Selasa 26 Mar 2024 09:19 WIB

ICW Heran Bupati Sidoarjo tak Kunjung Jadi Tersangka di KPK

ICW heran Bupati Sidoarjo tidak kunjung menjadi tersangka dalam kasus korupsi BPPD.

Rep: Rizky Suryarandika/ Red: Bilal Ramadhan
Bupati Sidoarjo Ahmad Muhdlor memenuhi panggilan KPK. ICW heran Bupati Sidoarjo tidak kunjung menjadi tersangka dalam kasus korupsi BPPD.
Foto: Republika/Rizky Suryarandika
Bupati Sidoarjo Ahmad Muhdlor memenuhi panggilan KPK. ICW heran Bupati Sidoarjo tidak kunjung menjadi tersangka dalam kasus korupsi BPPD.

REPUBLIKA.CO.ID, JAKARTA -- Indonesia Corruption Watch (ICW) mempertanyakan KPK yang tak kunjung menetapkan Bupati Sidoarjo, Ahmad Mudhlor Ali, sebagai tersangka dalam kasus dugaan korupsi di Badan Pelayanan Pajak Daerah (BPPD) Sidoarjo. Padahal, ICW mengendus peran Gus Muhdlor cukup kental. 

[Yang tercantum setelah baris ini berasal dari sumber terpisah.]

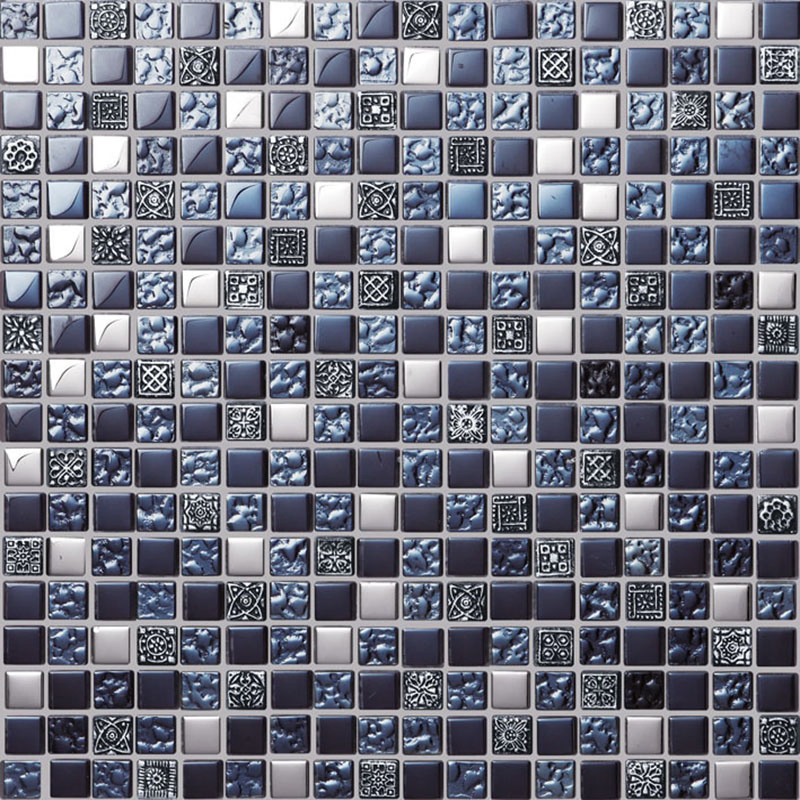 China Supplier Decoration Mixed Marble Glass Mosaic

Dalam kasus pemotongan dan penerimaan uang kepada pegawai negeri di lingkungan BPPD Sidoarjo ini, baru ada dua orang yang telah ditetapkan sebagai tersangka oleh KPK. Keduanya ialah Siska Wati (Kasubag Umum dan Kepegawaian BPPD, Sidoarjo), dan Ari Suyono (Kepala BPPD, Sidoarjo).

Baca Juga

"Padahal jika dicermati lebih lanjut, dari keterangan pers KPK sendiri disebutkan bahwa peran Mudhlor Ali sudah cukup terang dalam perkara ini," kata Peneliti ICW Diky Anandya dalam keterangannya kepada Republika, Selasa (26/3/2024). 

Dalam konstruksi perkaranya, bahwa pada tahun 2023, BPPD Sidoarjo memperoleh pendapatan pajak daerah sebesar Rp 1,3 triliun. Atas capaian tersebut, pegawai BPPD seharusnya berhak memperoleh insentif. Akan tetapi, insentif yang seharusnya mereka terima, secara sepihak dipotong, yang dimana disebutkan, pemotongan dilakukan untuk memenuhi kebutuhan Kepala BPPD Sidoarjo, namun lebih dominan diperuntukkan bagi kebutuhan Bupati.

"Hal ini tentu menimbulkan pertanyaan di tengah masyarakat, apa yang membuat KPK tidak segera menetapkan Bupati Sidoarjo sebagai tersangka?" singgung Diky. 

ICW juga mengendus dugaan kebocoran informasi di tubuh KPK hingga menyebabkan Gus Muhdlor lolos dari Operasi Tangkap Tangan (OTT). Gus Muhdlor Ali pun baru sekali diperiksa KPK sebagai saksi pada 16 Februari 2024. Oleh karena itu, ICW mendesak KPK menyikapi keanehan atas tak kunjung tersangkanya Gus Muhdlor. 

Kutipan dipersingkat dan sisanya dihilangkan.